Obama criticized Trump’s “dangerous” proposal to ban Muslims. "Where does this stop?" the president asked. "Are we going to start treating all Muslim Americans differently? Place them under special surveillance? Discriminate against them because of their faith? Do Republican officials actually agree with this? Because that's not the America we want. It doesn't reflect our ideals."

Clinton called the Muslim ban “a recruiting tool for ISIS to help them increase its ranks of people willing to do what we saw in Orlando.” Clinton also said the idea wouldn’t even work, since the Orlando shooter “was born in Queens, New York just like Donald was himself.”

The speeches dominated cable news Tuesday and provoked a blistering Trump response. "I watched President Obama today, and he was more angry at me than he was at the shooter,” Trump said in North Carolina.
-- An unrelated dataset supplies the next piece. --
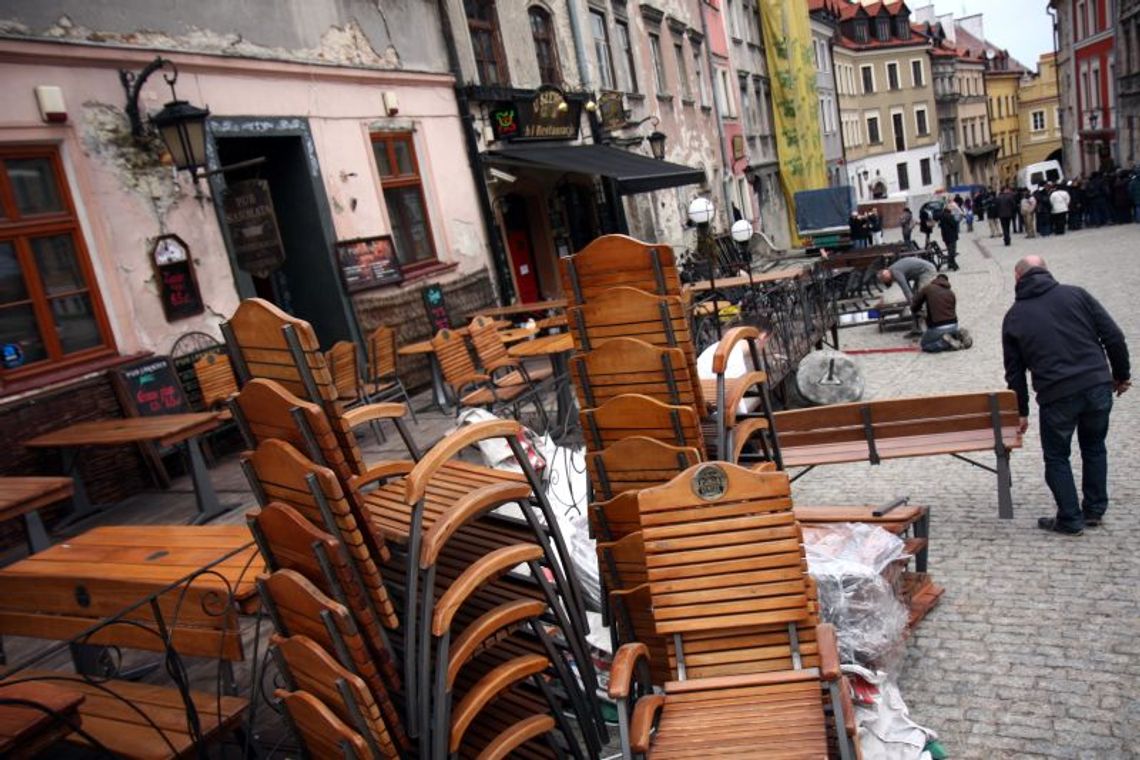Stawiają pierwsze ogródki piwne w Lublinie. Zobacz gdzie Stawiają pierwsze ogródki piwne w Lublinie. Zobacz gdzie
Soon, however, along with President Obama and Hillary Clinton, Trump will have to contend with Joe Biden, Bill Clinton, Elizabeth Warren and likely Bernie Sanders, each holding events in different places across the country, and all setting their sites on Trump.

A Biden aide said the vice president's office is already working with the Clinton campaign on scheduling, and hopes to have a date for his deployment soon.
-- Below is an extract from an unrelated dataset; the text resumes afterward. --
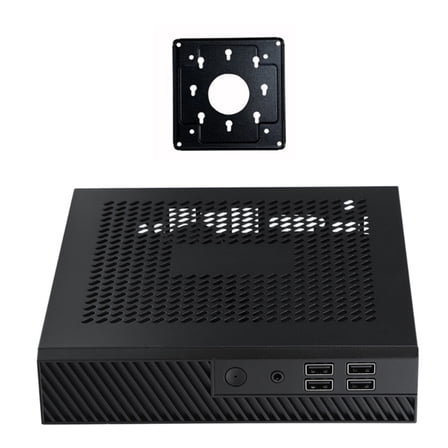DX01 Mini ITX Computer Case Thin Quick Heat Dissipation PC Case Supporting VESA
Each of those figures can dominate local news coverage wherever they are, and it will be difficult for Trump to keep up, even as he continues to draw national attention.

Trump has proven he can command enough attention to drown out opponents on their own, but he hasn’t faced this kind of sustained and coordinated attack from highest levels of an entire political party.

“It's clear that neither the President nor Secretary Clinton are going to allow Donald Trump to dominate the headlines unanswered,” said Ben Labolt, a former Obama spokesperson. “Republicans didn't succeed during the primary because either ignored him, or mimicked him, or responded with a scattershot message. Today was a good indicator that the one man monologue is over for Mr. Trump.”